| HN Mirror

Y	Hacker News new \| ask \| show \| jobs


	by evancasey 4409 days ago
	My experience using spark has also been nothing but positive. I recently built a similarity-based recommendation on Spark (https://github.com/evancasey/sparkler), and found it to be significantly faster than comparable implementations on Hadoop. subprotocol's point about specifying the number of tasks/data partitions to use is true - you need to manually set this in order to get good results even on a small dataset. However, other than that, spark will give you good results pretty much out of the box. More advanced features such as broadcast objects, cache operations, and custom serializers will further optimize your application, but are not critical when first starting out as the author seems to believe.

1 comments

iskander 4409 days ago

I'm really curious to find out in what situations Spark actually works for people. So far, no one in my lab seems to be having a terribly productive time using it. Maybe it's better for simple numerical computations? How large are the datasets you're working with?

link

evancasey 4409 days ago

I did most of my benchmarking with the 10M MovieLens Dataset http://grouplens.org/datasets/movielens/ consisting of 10 million movie ratings on 10,000 movies from 72,000 users. So not necessarily "big data", but big enough to warrant a distributed approach.

Spark is ideally suited for iterative, multi-stage jobs. In theory, anything that requires doing multiple operations an a working dataset (i.e. graph processing, recommender systems, gradient descent) will do well on Spark due to the in-memory data caching model. This post explains some of the applications Spark is well-suited for: http://www.quora.com/Apache-Spark/What-are-use-cases-for-spa...

link

iskander 4409 days ago

So the central piece of data is something like a 10 million element RDD of (UserId, (MovieId, Rating))? If so, it sounds like that data would fit into a single in-memory sparse array, how does Spark's performance compare with a local implementation?

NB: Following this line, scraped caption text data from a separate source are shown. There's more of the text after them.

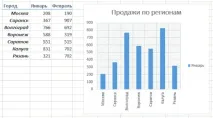 12 простих прийомів для ефективної роботи в Excel ефективної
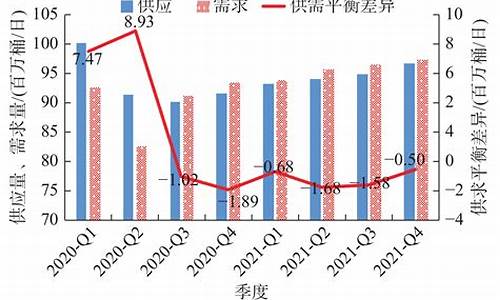 阿联酋油价多少钱一升_美国和阿联酋油价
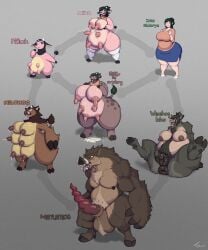 anthro anus areola balls belly big_balls big_breasts big_nipples big_penis bodily_fluids bovid bovine breasts breasts_and_teats clothed clothing comparison_chart eulipotyphlan female fusion generation_2_pokemon genitals group hexafusion hi_res holding_breast huge_balls huge_breasts huge_cock huge_hips huge_thighs human hybrid inko_midoriya lactating legwear male mammal milk miltank multi_breast musclegut muscular muscular_anthro muscular_male my_hero_academia nintendo nipples overweight overweight_anthro overweight_female penis pokemon pokemon_(species) puffy_anus pussy snout suid suina sus_(pig) tail tail_tuft teats thick_thighs thigh_highs toby_art trio tuft tusks udders were wereeulipotyphlan werehog wide_hips wild_boar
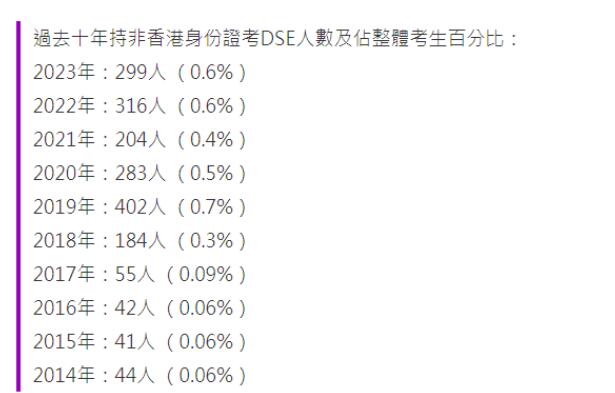 详解 | 2024年DSE各科目报考人数，报读3个选修科人数激增，带来的影响是？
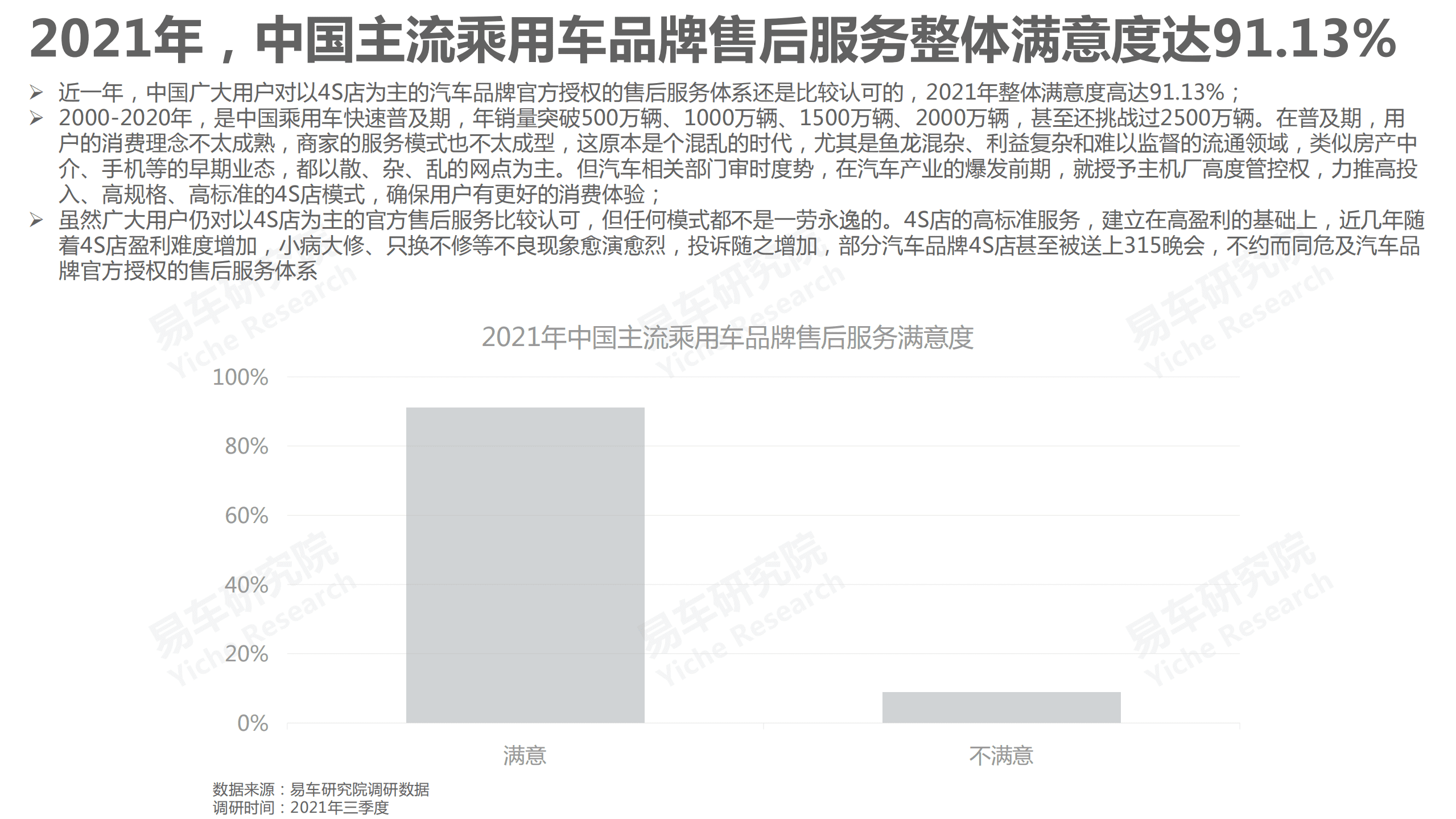 易车研究院：中国乘用车售后服务洞察报告整体(2021版).pdf 第3页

By comparison, I'm trying (and failing) to work with RDDs of 100+ billion elements.

link

platz 4409 days ago

What is the difference between Spark and Storm? They both seem like "realtime compute engines"

*edit - from what I can see Spark is a replacement for hadoop (offline jobs), where Storm deals with online stream processing

link

ironchef 4409 days ago

Storm is generally more of a dataflow "per event" real/near time computation system (with each event flowing through N spouts and bolts) whereas Spark is more of an in-memory data processing system (with Spark streaming being the "equivalent" to the storm system).

link